*YOUR ASSIGNMENT*:
Leave the pictures in the listing below aside and reproduce exactly the lines starting with the one with "Personalised Keep Calm" and going on through the one with "Dyed Natural Fossil", both ends included.

*MATERIAL SUPPLIED*:
————————
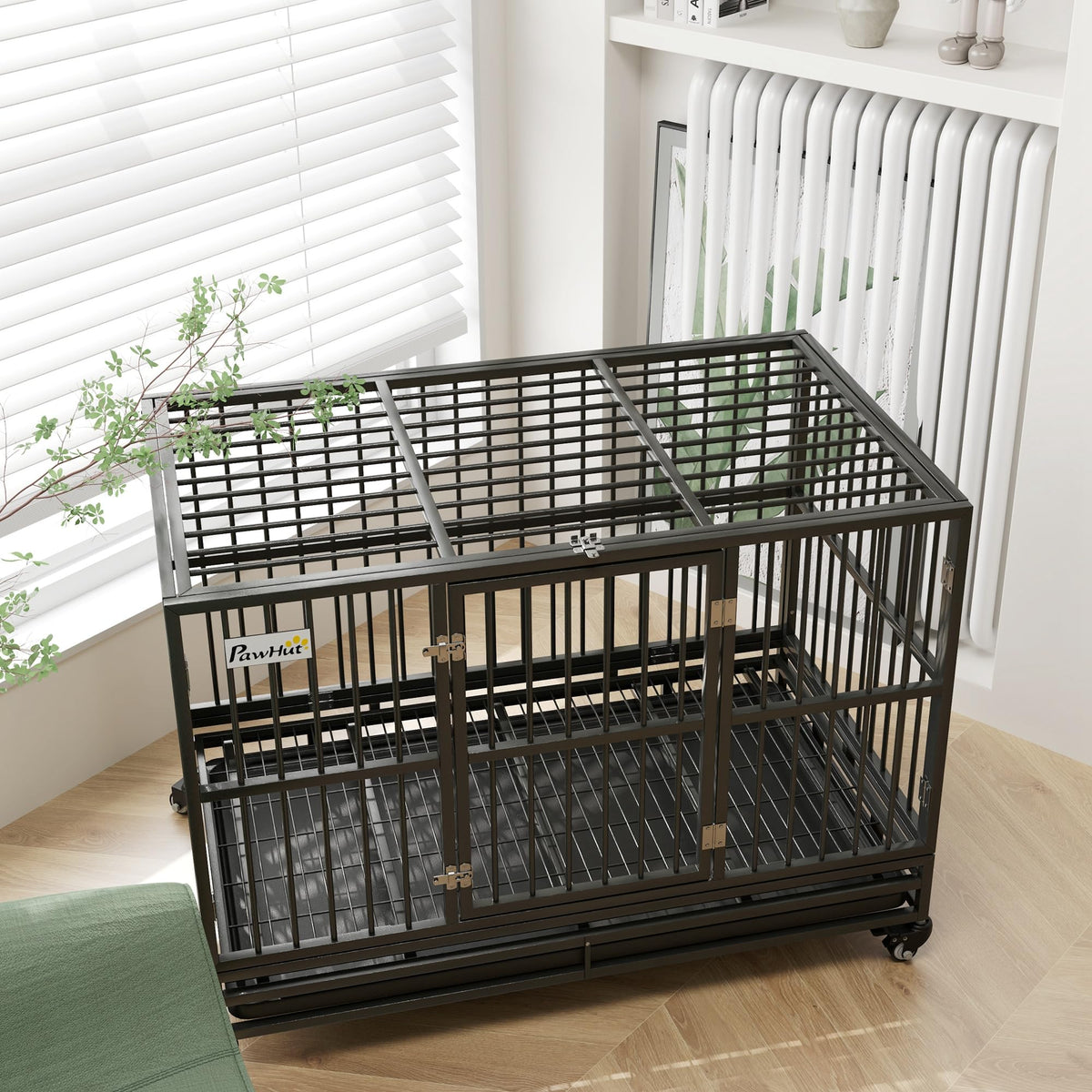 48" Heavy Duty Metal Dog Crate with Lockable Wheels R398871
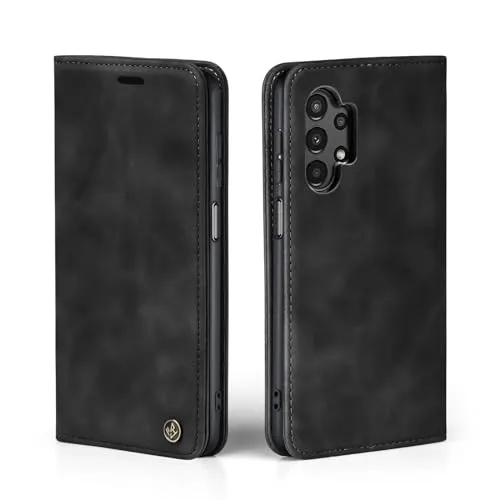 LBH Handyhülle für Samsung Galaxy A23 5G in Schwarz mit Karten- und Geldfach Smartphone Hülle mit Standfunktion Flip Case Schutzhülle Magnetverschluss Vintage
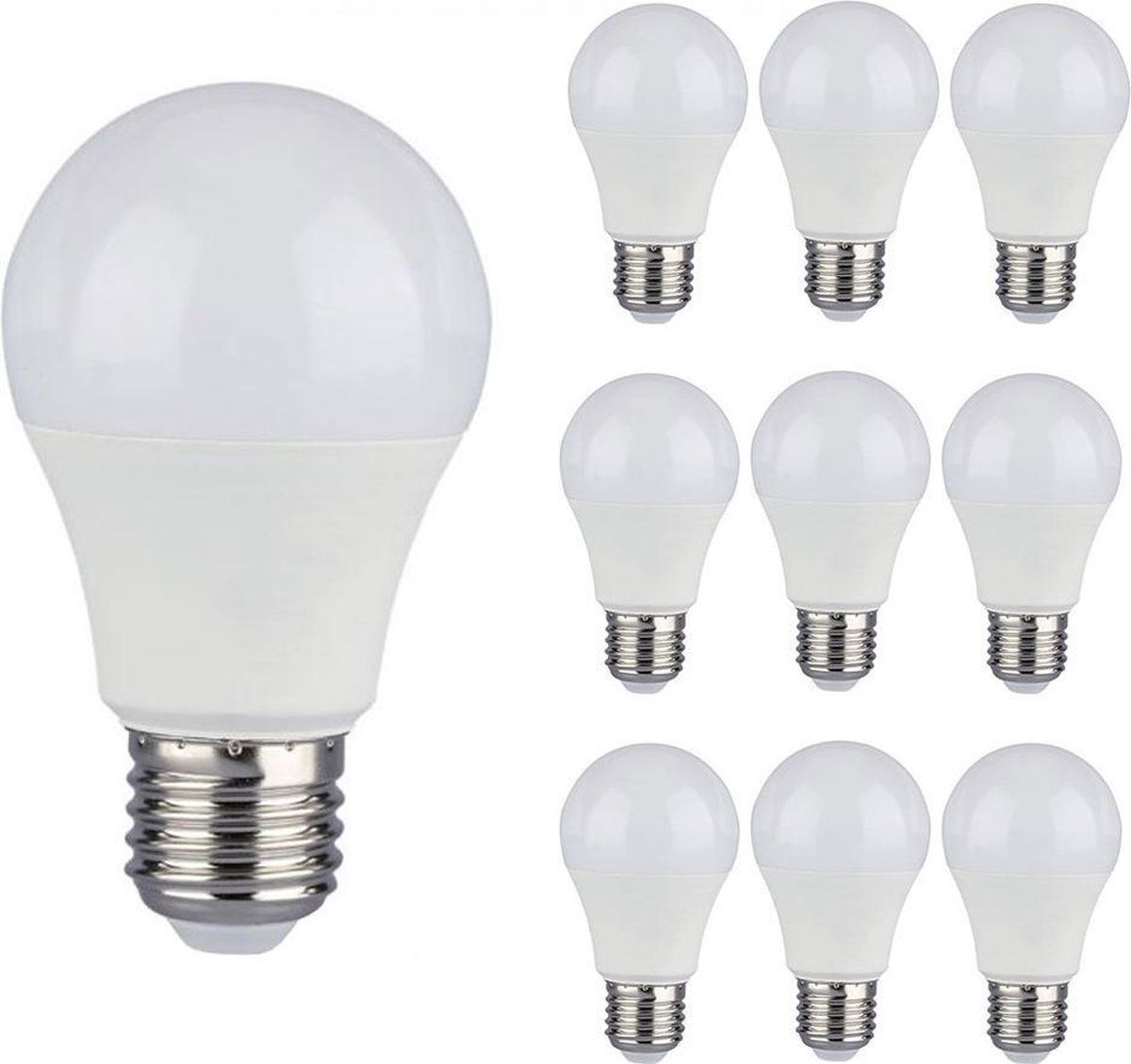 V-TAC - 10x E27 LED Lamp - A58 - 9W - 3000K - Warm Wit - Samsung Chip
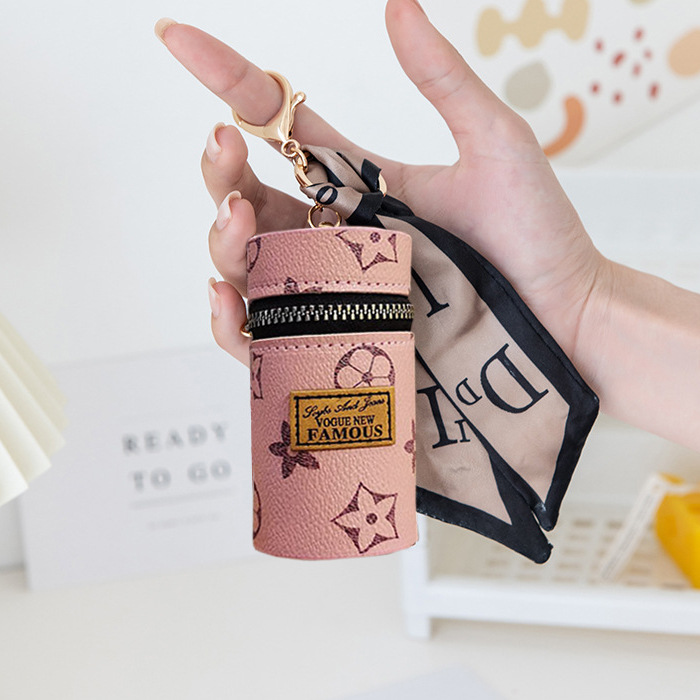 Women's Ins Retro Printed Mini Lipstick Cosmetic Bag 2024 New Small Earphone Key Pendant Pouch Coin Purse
————————
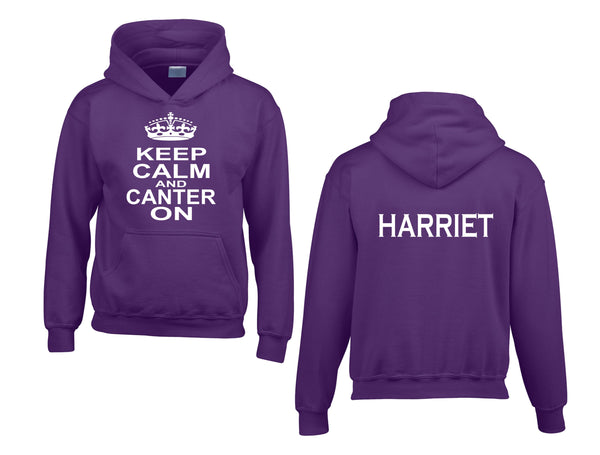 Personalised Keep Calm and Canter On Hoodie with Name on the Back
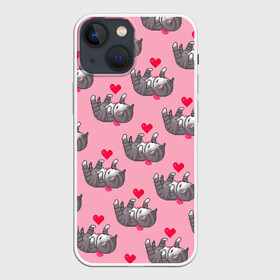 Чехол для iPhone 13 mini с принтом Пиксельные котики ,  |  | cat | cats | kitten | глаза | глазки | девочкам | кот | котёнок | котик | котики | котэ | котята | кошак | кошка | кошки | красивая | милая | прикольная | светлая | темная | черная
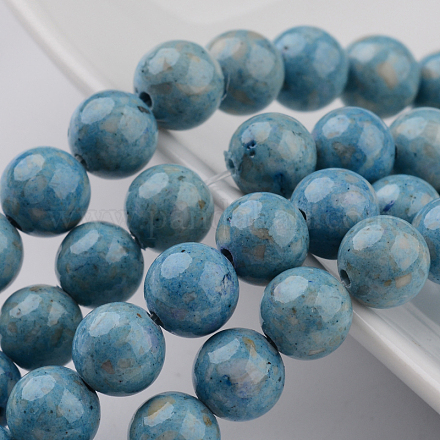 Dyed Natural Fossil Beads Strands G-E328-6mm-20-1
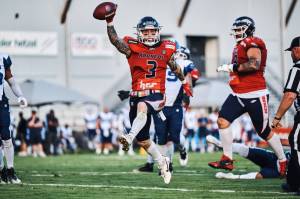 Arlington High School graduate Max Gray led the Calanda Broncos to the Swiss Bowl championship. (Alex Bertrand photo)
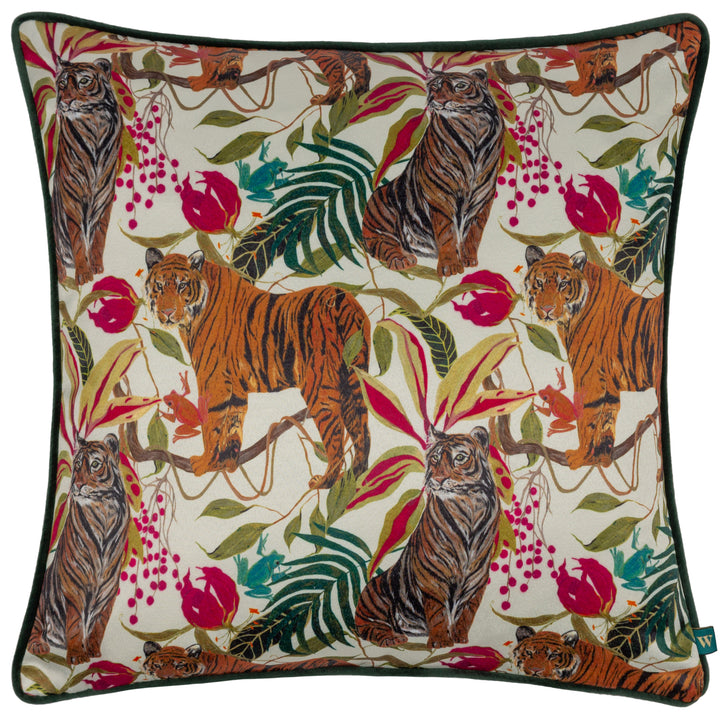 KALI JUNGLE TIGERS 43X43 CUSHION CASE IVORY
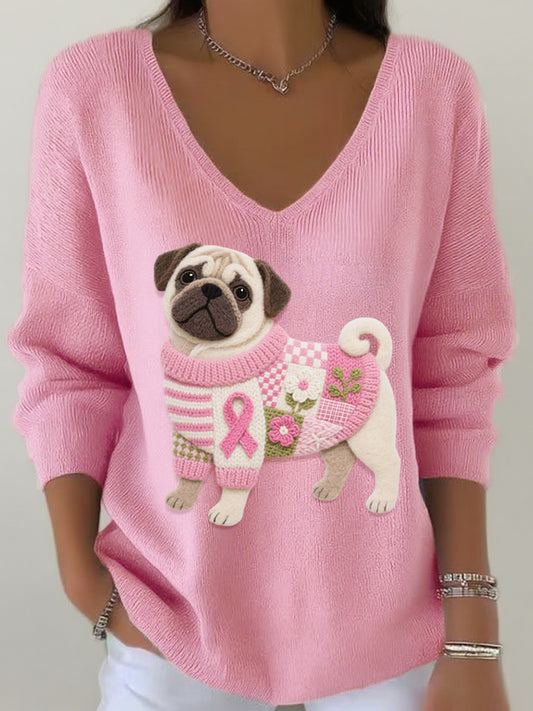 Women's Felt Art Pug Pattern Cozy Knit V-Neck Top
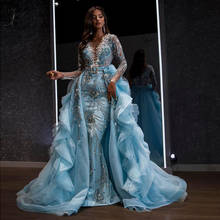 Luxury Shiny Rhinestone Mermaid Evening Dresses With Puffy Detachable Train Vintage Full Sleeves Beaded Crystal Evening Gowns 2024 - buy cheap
————————
*SOLUTION TO THIS PROBLEM*:
 Personalised Keep Calm and Canter On Hoodie with Name on the Back
 Чехол для iPhone 13 mini с принтом Пиксельные котики ,  |  | cat | cats | kitten | глаза | глазки | девочкам | кот | котёнок | котик | котики | котэ | котята | кошак | кошка | кошки | красивая | милая | прикольная | светлая | темная | черная
 Dyed Natural Fossil Beads Strands G-E328-6mm-20-1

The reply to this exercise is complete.